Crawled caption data
※ ※ ※

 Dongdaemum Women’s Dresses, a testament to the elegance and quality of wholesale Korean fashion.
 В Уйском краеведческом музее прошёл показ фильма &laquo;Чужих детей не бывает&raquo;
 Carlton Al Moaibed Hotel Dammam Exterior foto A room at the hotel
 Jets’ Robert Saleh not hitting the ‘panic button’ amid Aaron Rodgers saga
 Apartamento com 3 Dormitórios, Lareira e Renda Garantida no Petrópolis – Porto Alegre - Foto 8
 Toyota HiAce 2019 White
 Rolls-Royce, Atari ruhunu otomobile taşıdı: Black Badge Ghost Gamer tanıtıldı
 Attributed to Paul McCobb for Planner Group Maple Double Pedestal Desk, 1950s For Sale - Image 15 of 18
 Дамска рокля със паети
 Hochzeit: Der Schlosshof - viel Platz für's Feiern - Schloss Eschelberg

※ ※ ※

### [Exercise objective]
Print every record above exactly as it was given.

### [Response box]
 Dongdaemum Women’s Dresses, a testament to the elegance and quality of wholesale Korean fashion.
 В Уйском краеведческом музее прошёл показ фильма &laquo;Чужих детей не бывает&raquo;
 Carlton Al Moaibed Hotel Dammam Exterior foto A room at the hotel
 Jets’ Robert Saleh not hitting the ‘panic button’ amid Aaron Rodgers saga
 Apartamento com 3 Dormitórios, Lareira e Renda Garantida no Petrópolis – Porto Alegre - Foto 8
 Toyota HiAce 2019 White
 Rolls-Royce, Atari ruhunu otomobile taşıdı: Black Badge Ghost Gamer tanıtıldı
 Attributed to Paul McCobb for Planner Group Maple Double Pedestal Desk, 1950s For Sale - Image 15 of 18
 Дамска рокля със паети
 Hochzeit: Der Schlosshof - viel Platz für's Feiern - Schloss Eschelberg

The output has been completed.